Desde el 16 de agosto al 5 de septiembre, 150 niños, niñas y adolescentes disfrutan de siete días de campamento de verano en un entorno privilegiado, Navacerrada, en la Sierra de Guadarrama. Fundación Tomillo organiza, con la colaboración de Fundación «La Caixa», estos campamentos donde menores de 6 a 18 años disfrutan de una semana llena de actividades de ocio, aventura, convivencia, retos y diversión.

Este espacio natural de convivencia no sólo les va a permitir a los jóvenes relajarse y divertirse, salir de sus barrios, de la ciudad, tras un año complicado en lo personal y escolar, también contribuirá a potenciar su desarrollo personal, aprendiendo y haciendo nuevas amistades.

Empieza el día en Navacerrada. Los niños y niñas del campamento se van levantando, unos con más sueño que otros. Se van desperezando y poco a poco bajan a desayunar. Es pronto, son las 8 y media, pero hay que aprovechar un largo día de verano y pasarlo bien. Mientras desayunan, unos están en silencio, otros recordando lo bien que lo pasaron ayer y otros ya con la mente en lo que haremos hoy.
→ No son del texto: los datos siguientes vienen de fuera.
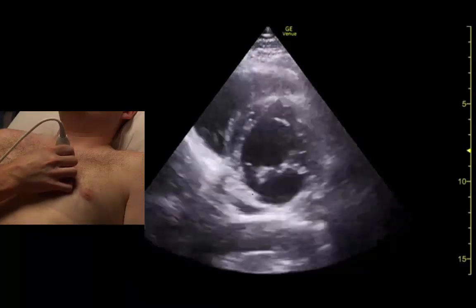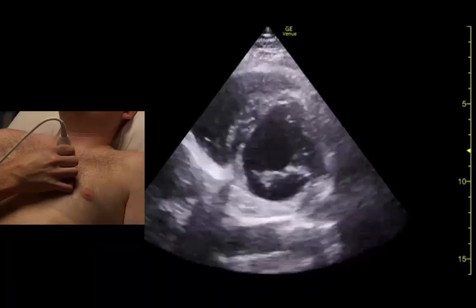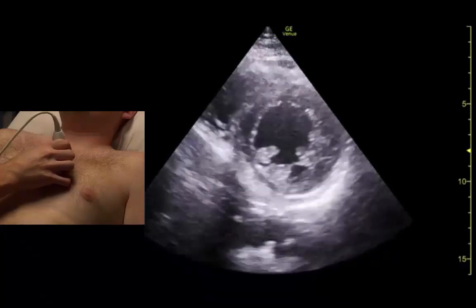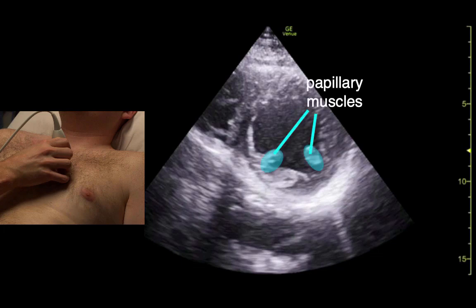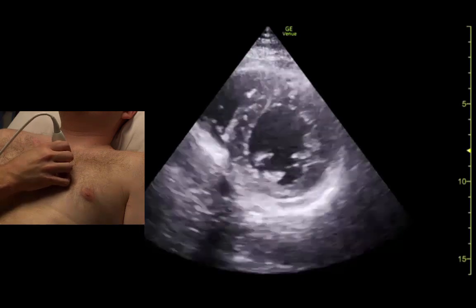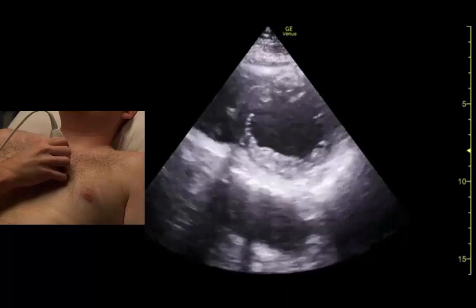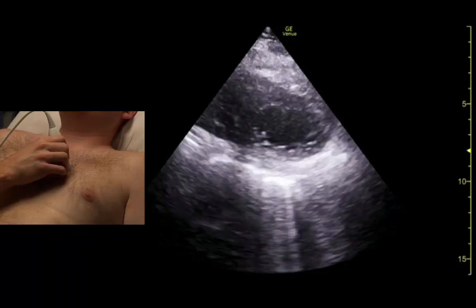As we fan away we get the mitral valve in cross-section — the fish mouth view. A little further out is the mid-ventricle where we see the papillary muscles, and we may go out even further to see the ventricular apex.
A primera hora deporte en plena naturaleza, nuestras olimpiadas particulares y, mejor prontito, con el frescor de la mañana. Más tarde las actividades planificadas del día; hoy toca tirolina y escalada. Algunos están nerviosos ya que no lo han hecho nunca y otros aunque lo conozcan inquietos con la adrenalina propia de las actividades de aventura. Lo que ellos no saben es lo que van a poner en juego, pero sus monitores sí: autoconciencia y autorregulación, entre otras competencias, que son básicas en esta actividad. Hoy no toca piscina, que es una de las actividades que más gusta, ya que estamos toda la mañana descargando adrenalina en las actividades de multiaventura.

Después de la comida, un necesario descanso para recuperar fuerzas y seguir afrontando el desafío del día y las actividades de la tarde, ya más relajadas. Aquí pondremos en juego competencias como trabajo en equipo, resolución de retos, empatía… La fórmula perfecta para aprender y disfrutar.

Un ratito para hablar con la familia y una merecida cena. Por la noche nos unimos para disfrutar de un cine de verano, en este caso en el salón, porque hace ya fresquito para estar fuera. Nos vamos a la cama agotados, con una sonrisa en la cara y pensando que mañana nos espera otro día inolvidable.